Either way, the news is a blow to people in Latin American countries like Honduras, where one TV news report forecast that USAID will now "probably disappear.”
That means the loss of yanqui help with everything from schools to economic development to public security to pro-democracy and anti-corruption struggles — and, along the way, helping to keep communist China's influence in check in the region.
Not to mention: helping to keep even more illegal migration from flooding the U.S. southern border — which, like facing China's incursion, would also seem to "align" with the America First crusade.
In fact, if and when USAID does disappear from Latin America, a big question is whether more people will now disappear from impoverished and violence-plagued places like Honduras — and migrate to the U.S.
That’s because the annual $180 million USAID spent there supported programs that have, according to U.S. data, helped curtail irregular immigration from Honduras.
USAID-led projects like Regreso Seguro, or Safe Return, which the agency launched last year in Honduras, help relocate and re-employ the thousands of people who've been deported back to their country from the U.S., or who've been displaced from their homes, neighborhoods and businesses by gang brutality and extortion.
"We just recently helped a young woman driven from her home by gangs — and was about to leave for the U.S. — set up a small but successful nail salon," said Cándida María Sauceda, who directs the nonprofit Casa Alianza in Tegucigalpa, Honduras, which has partnered with USAID in the Safe Return program.
“This helps keep people here in Honduras," Sauceda told WLRN. "So losing the USAID funding is painful.”

Foreign assistance accounts, at most, for 1% of the U.S. federal budget.
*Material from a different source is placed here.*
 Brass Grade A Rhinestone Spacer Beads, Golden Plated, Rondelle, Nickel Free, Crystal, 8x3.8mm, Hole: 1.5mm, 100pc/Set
Still, Trump and his conservative allies say USAID is too left-wing and wasteful — run, as he asserts, by "radical lunatics."
Republican Miami Congresswoman María Elvira Salazar last month blasted it for "losing its way" and funding pro-LGBTQ and DEI (diversity, equity and inclusion) efforts in Latin America.
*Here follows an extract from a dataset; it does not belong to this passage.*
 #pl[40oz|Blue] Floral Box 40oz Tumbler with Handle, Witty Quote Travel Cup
Billionaire Elon Musk, who heads Trump's so-called Department of Government Efficiency, or DOGE, is even calling USAID — also falsely if not slanderously — a "criminal organization."
Meanwhile, liberals have in the past accused USAID, which Congress set up in 1961, of aiding U.S. interventionism in Latin America, sometimes as a CIA lackey in support of right-wing dictatorships.
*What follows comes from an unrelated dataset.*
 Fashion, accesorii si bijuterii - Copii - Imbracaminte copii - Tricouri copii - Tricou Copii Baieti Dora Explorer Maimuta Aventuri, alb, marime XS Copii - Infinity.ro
Like any federal agency, USAID is hardly immune to waste and overreach.
But U.S. foreign assistance veterans like Mileydi Guilarte, USAID’s deputy assistant administrator for Latin America and the Caribbean under the Biden Administration, say one bottom line is that the agency — ironically — has delivered when it comes to Trump’s big priority: curbing illegal immigration.
“In places where we doubled down our efforts, particularly in high-crime areas in Honduras," Guilarte told WLRN, "the intention [of local residents] to leave and take the dangerous journey north [to the U.S. border] had been reduced three-fold.”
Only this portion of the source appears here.